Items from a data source
▬▬▬
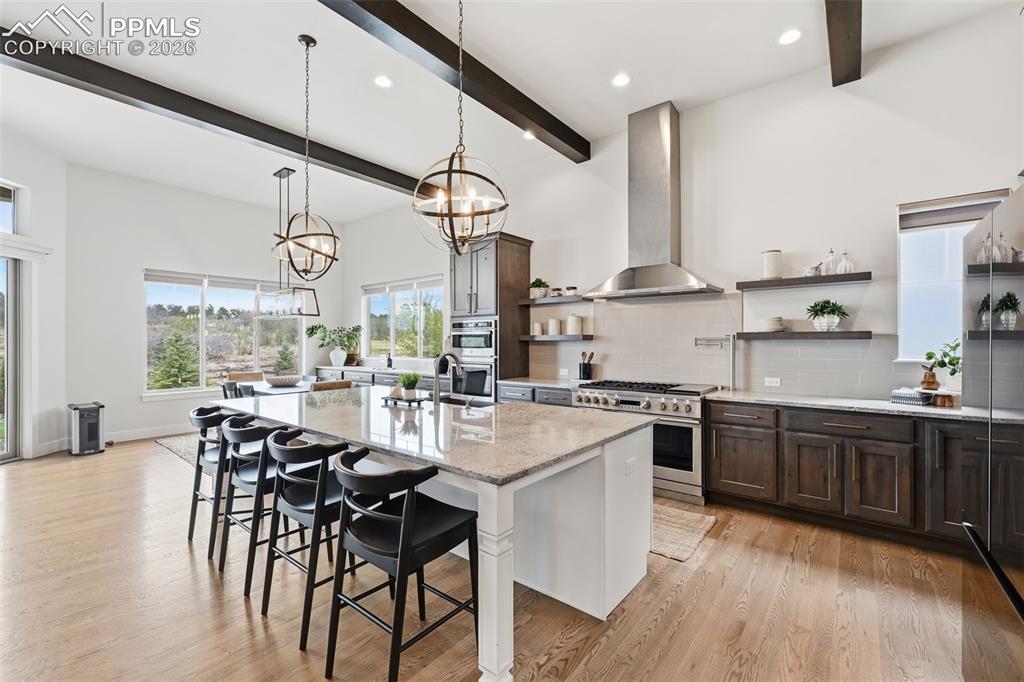 Image 8 of 39: Gourmet kitchen featuring a large island with seating, stainless steel appl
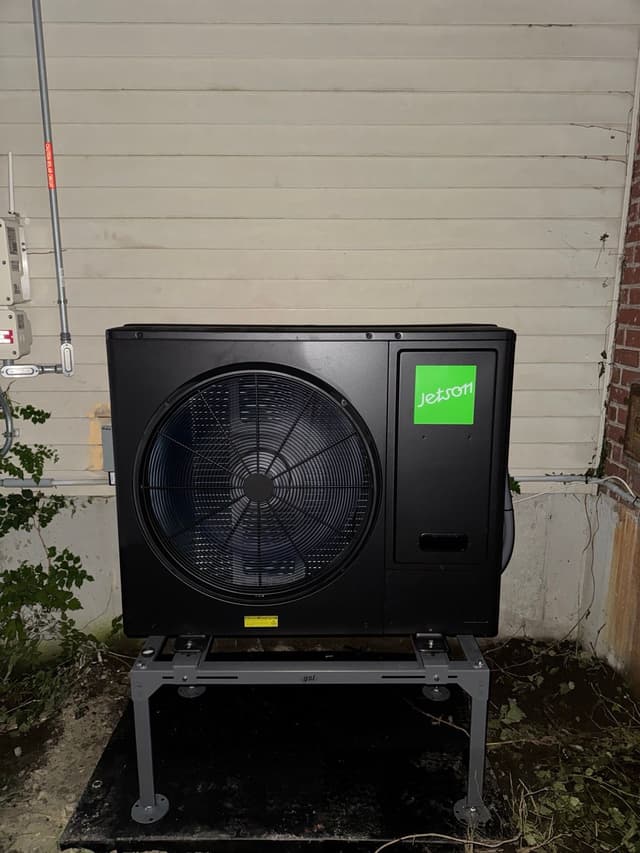 Black Jetson Air 3-ton central ducted heat pump condenser installed along the side of a house with white vinyl siding in Woburn, MA.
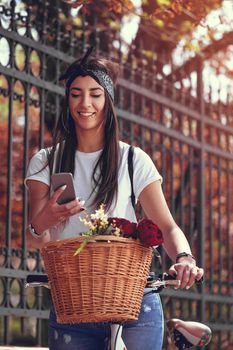 Smiling young woman reading message on smartphone on the city street, on a sunny day, beside the bike with flower basket.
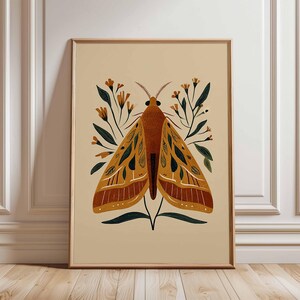 Può includere: Una stampa artistica incorniciata con un'illustrazione stilizzata di una falena. La falena ha ali arancioni e gialle con dettagli verde scuro, su uno sfondo beige. L'opera include elementi floreali ed è incorniciata in legno marrone chiaro.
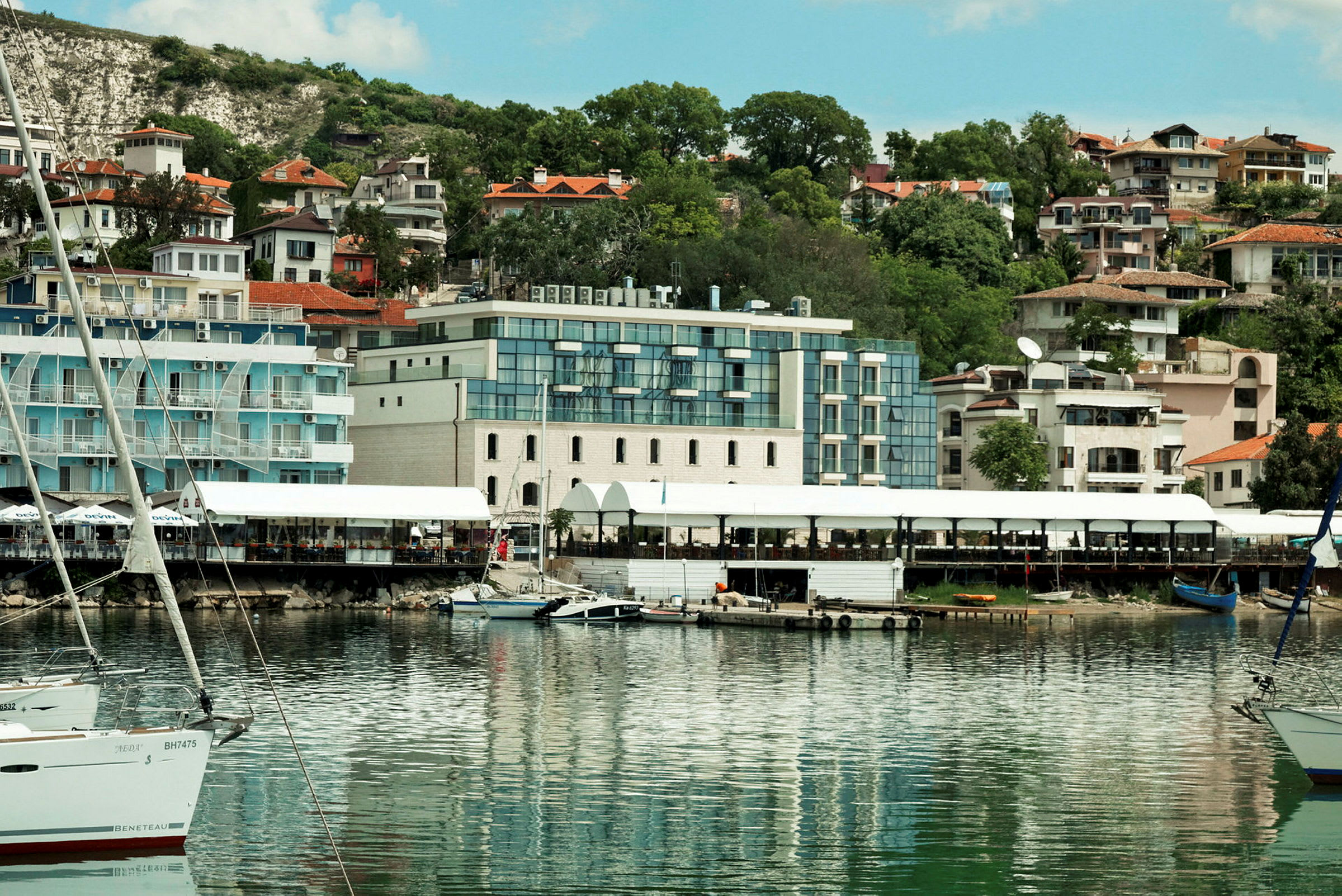 Bilde av en havn med båter og bygninger i bakgrunnen. (AI-generert tekst)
▬▬▬
## AIM OF THE EXERCISE
Nothing but the lines from the one that contains "Può includere: Una" through the last line of the records belongs in the answer, reproduced exactly, with no pictures.

## RESPONSE BOX
 Può includere: Una stampa artistica incorniciata con un'illustrazione stilizzata di una falena. La falena ha ali arancioni e gialle con dettagli verde scuro, su uno sfondo beige. L'opera include elementi floreali ed è incorniciata in legno marrone chiaro.
 Bilde av en havn med båter og bygninger i bakgrunnen. (AI-generert tekst)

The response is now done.